7/21/2010

07-21-10 - x86

x86 is really fucking wonderful and it's a damn shame that we don't have it on all platforms. (addendum : I don't really mean x86 the ISA, I mean x86 as short hand for the family of modern processors that run x86; in particular P-Pro through Core i7).

It's not just that the chips are super fast and easy to use. It's that they actually encourage good software engineering. In order to make the in-order PPC chips you have to abandon everything you've learned about good software practices in the last 20 years. You can't abstract or encapsulate. Everything has to be in locals, every function has to be inline.

1. Complex addressing.

This is way more huge than I ever expected. There are two important subaspects here :

1.A. being able to do addition and simple muls in the addressing, eg. [eax + ecx*2]

1.B. being able to use memory locations directly in instructions instead of moving through registers.

Together these work together to make it so that on x86 you don't have to fuck around with loading shit out to temporaries. It makes working on variables in structs almost exactly the same speed as working on variables in a local.

e.g.


  x = y;

 is

  mov eax, ecx;


while

  x = s.array[i];

 is

  mov eax, [eax + ecx*4 + 48h]

and those run at almost the same speed !

This is nice for C and accessing structs and arrays of course, but it's especially important for C++ where lots of things are this-> based. The compiler keeps "this" in a register, and this-> references run at the same speed as locals!

ADDENDUM : the really bad issue with the current PPC chips is that the pipeline from integer computations to load/stores is very bad, it causes a full latency stall. If you have to compute an address and then load from it, and you can't get other instructions in between, it's very slow. The great thing about x86 is not that it's one instruction, it's that it's fast. Again, to be clear, the point here is not that CISC is better or whatever, it's simply that having fast complex addressing you don't have to worry about changes the way you write code. It lets you use structs, it lets you just use for(i) loops and index off i and not worry about it. Instead on the PPC you have to worry about things like indexing byte arrays is faster than any other size, and if you're writing loops and accessing dword arrays maybe you should be iterating with a pointer instead of an index, or maybe iterate with index*4, or whatever.

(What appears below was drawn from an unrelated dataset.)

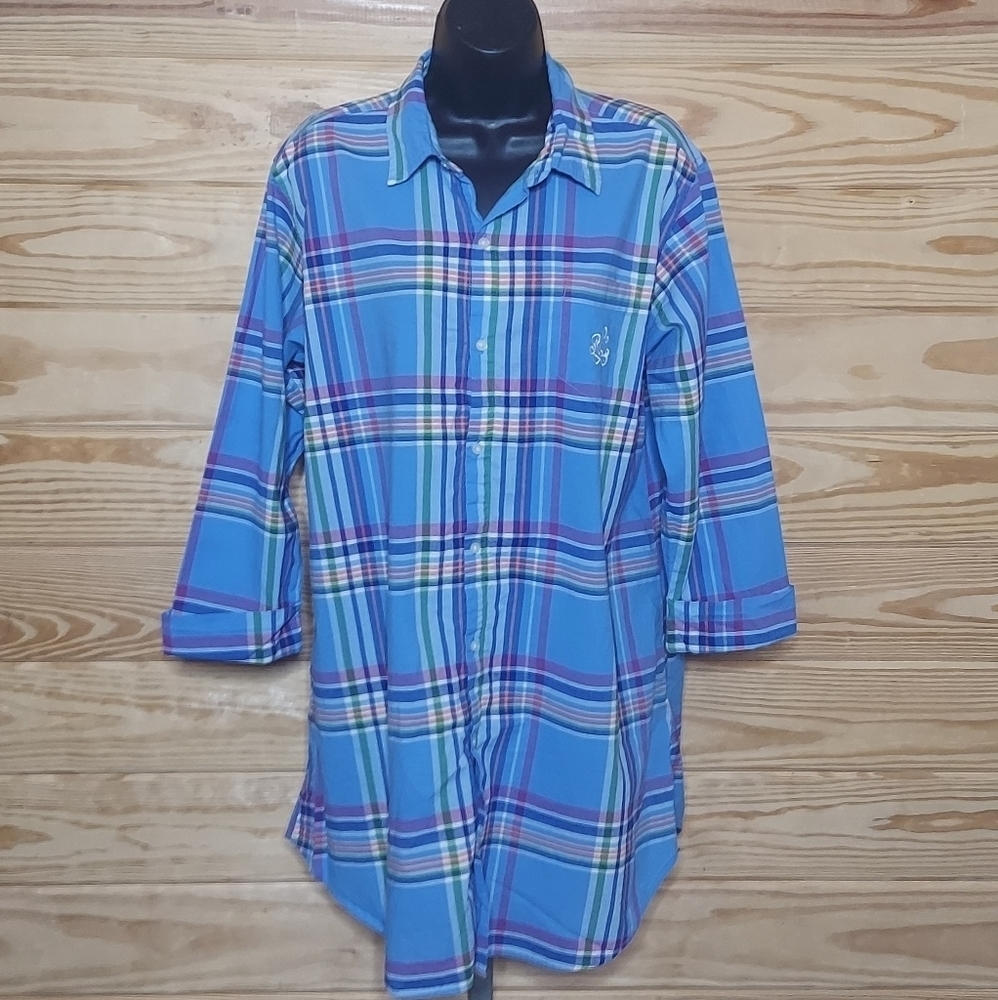 Lauren Ralph Lauren Monogram Button Down Size Large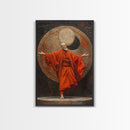 Zen Monk Art, Framed Canvas Print, Spiritual Wall Art, Taoism Decor, Sacred Geometry, Meditation Room, Buddhist Artwork, Asian Aesthetic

2. Out of order execution.

Most people thing of OOE as just making things faster and letting you be a bit lazy about code gen and stalls and so on. Yes, that is true, but there's a more significant point I think : OOE makes C++ fast.

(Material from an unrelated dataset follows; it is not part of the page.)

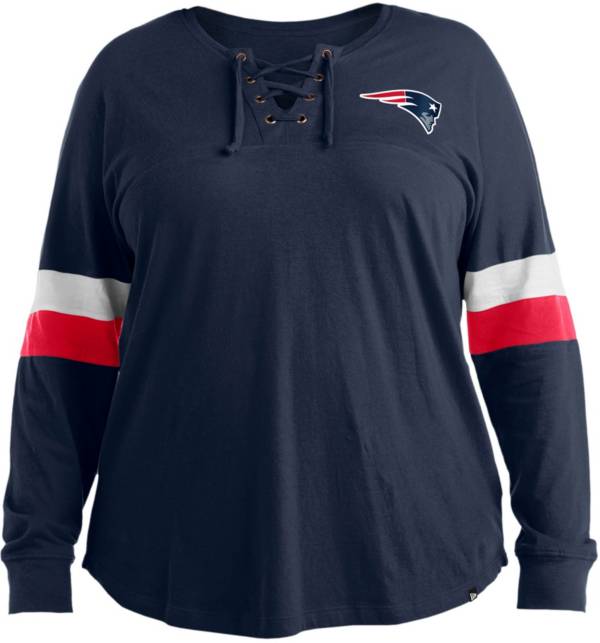 New Era Women's New England Patriots Lace Up Blue Plus Size Long Sleeve T-Shirt product image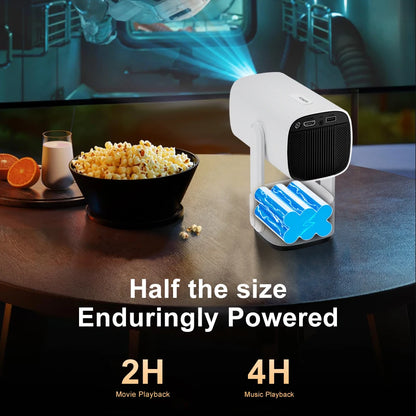 Salange K2 Smart 4K Projector with Built-in Battery and Bluetooth Speaker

In particular, the entire method of referencing things through pointers is impossible in even moderate performant code without OOE.

The nasty thing that C++ (or any modern language really, Java ,C#, etc. are actually much much worse in this regard) does is make you use a lot of pointers, because your data types may be polymorphic or indeterminate, it's often hard to hold them by value. Many people think that's a huge performance problem, but on the PC/x86 it actually doesn't hurt much. Why?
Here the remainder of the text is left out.